━━━━━ DATA EXTRACT
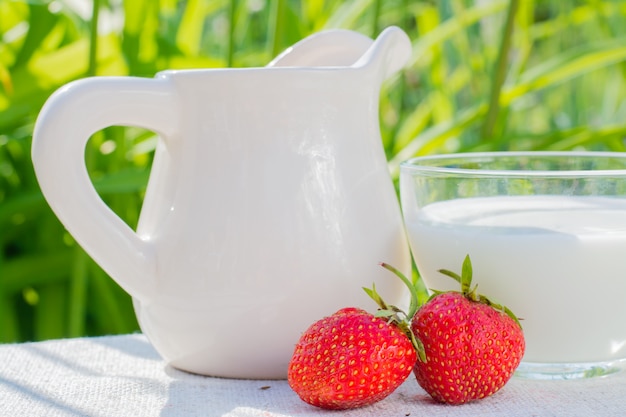 Baies de fraise, une cruche et une tasse de lait sur une serviette sur fond d'herbe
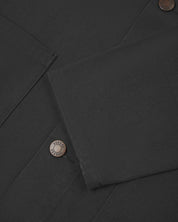 Close view of uskees dark grey canvas men's shacket showing the cuff/sleeve and metal buttons..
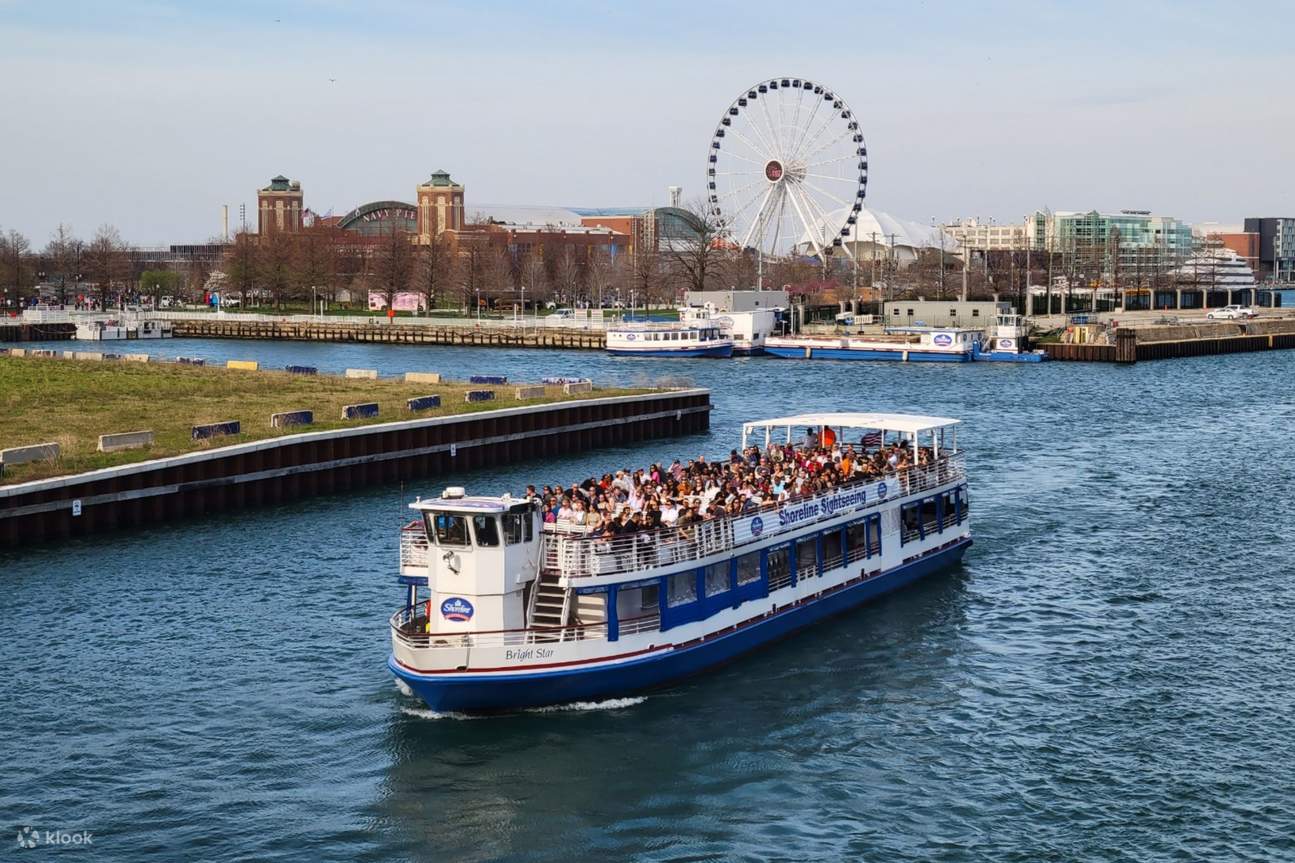 Sightseeing boat on the water near Navy Pier's Ferris wheel and Chicago skyline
━━━━━━━━━━
PROBLEM TO WORK ON
Skipping all pictures, set the listing down exactly as written.

SOLUTION TO THE PROBLEM
 Baies de fraise, une cruche et une tasse de lait sur une serviette sur fond d'herbe
 Close view of uskees dark grey canvas men's shacket showing the cuff/sleeve and metal buttons..
 Sightseeing boat on the water near Navy Pier's Ferris wheel and Chicago skyline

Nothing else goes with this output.